Favorire la continuità d’impresa e tutelare gli impianti di interesse strategico nazionale. Garantire un corretto bilanciamento tra l’interesse ai beni-servizi essenziali per il sistema economico e le tutele sociali al lavoro, alla salute e alla salubrità ambientale. È questa la direzione delle nuove modifiche al d.lgs. 231 del 2001, che estendono i casi di applicazione del commissariamento giudiziale in luogo della sanzione interdittiva. 

Il recente decreto n. 2 del 5 gennaio 2023, recante “Misure urgenti per impianti di interesse strategico nazionale” ha fissato una serie di nuove norme penali finalizzate alla salvaguardia della continuità d’impresa. In particolare, l’articolo 5 del decreto, contenente le modifiche alla normativa sulla responsabilità penale d’impresa, si occupa di promuovere una scelta del giudice orientata meno all’applicazione di una sanzione interdittiva e più alla prosecuzione dell’attività d’impresa attraverso il commissariamento giudiziale. 

Più esattamente, stando alla nuova normativa, il passaggio al commissariamento giudiziale in luogo dell’interdizione sarà automatico non solo – come già previsto – ove l’interruzione dell’attività causerebbe un grave danno alla collettività e all’occupazione ma anche nei casi in cui “l’attività è svolta in stabilimenti industriali o parti di essi dichiarati di interesse strategico nazionale”. Tanto dice il primo comma lett. b-bis del novellato art. 15, d.lgs. 231/2001, al quale si rinvia anche per i casi di misura interdittiva applicata con finalità cautelare.

A ciò si aggiunga la previsione, contenuta dal nuovo comma 1-bis dell’art. 17, secondo cui le sanzioni interdittive non potranno essere applicate “se l’ente ha eliminato le carenze organizzative che hanno determinato il reato mediante l’adozione e l’attuazione di modelli organizzativi idonei a prevenire reati della specie di quello verificatosi”. Il riferimento, naturalmente, è al c.d. modello organizzativo-gestionale 231, uno strumento non obbligatorio, ma la cui utilità è sempre più evidente, non solo in termini di autoregolamentazione delle imprese più virtuose, ma anche di rimedio posteriore rispetto alla contestazione penale. 
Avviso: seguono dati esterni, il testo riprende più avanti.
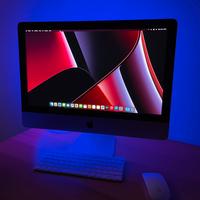 Apple iMac 21"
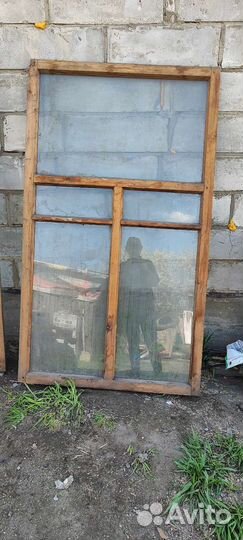 Деревянные окна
Inoltre, la nuova normativa si occupa anche del sequestro preventivo ex art. 53 d.lgs. 231/2001.
Il nuovo art. 53 comma 1-ter, infatti, sempre nelle ipotesi di stabilimenti industriali di interesse nazionale – “o loro parti, ovvero impianti e infrastrutture necessari ad assicurarne la continuità produttiva” – rinvia al nuovo art. 104-bis delle disposizioni attuative del c.p.p. Dalla lettura delle due disposizioni, emerge un quadro in cui, al fine di garantire la continuità d’impresa e lo sviluppo aziendale, il giudice, deve di norma autorizzare l’utilizzo dei beni sequestrati, seppur entro un quadro di prescrizioni, che deve dettare al fine di “realizzare  un bilanciamento  tra  le   esigenze   di   continuità dell’attività produttiva e di salvaguardia dell’occupazione e la tutela  della sicurezza sul luogo di lavoro, della salute, dell’ambiente e degli altri eventuali beni giuridici lesi”.
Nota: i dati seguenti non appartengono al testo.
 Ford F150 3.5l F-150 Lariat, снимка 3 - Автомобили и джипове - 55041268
Da ultimo, l’articolo 7 del d.l. 2/2023 aggiunge che non è punibile “chiunque agisca al fine di dare esecuzione a un provvedimento che autorizza la prosecuzione dell’attività di uno stabilimento” di interesse strategico nazionale, sempre a condizione che questi abbia agito nel rispetto delle prescrizioni dettate dallo stesso provvedimento.

In una fase di difficoltà economica e carenza di liquidità dettate, fra le altre cose, dal caro energia, le norme del d.l. 2/2023 sembrano potersi riconoscere senz’altro come un timido tentativo di tutela degli interessi sociali connessi alla continuità d’impresa, ma anche come una – l’ennesima – conferma del valore sia preventivo che salvifico di un modello organizzativo gestionale per le imprese, la cui attività è esposta al rischio di un’interruzione dettata dall’applicazione di sanzioni interdittive.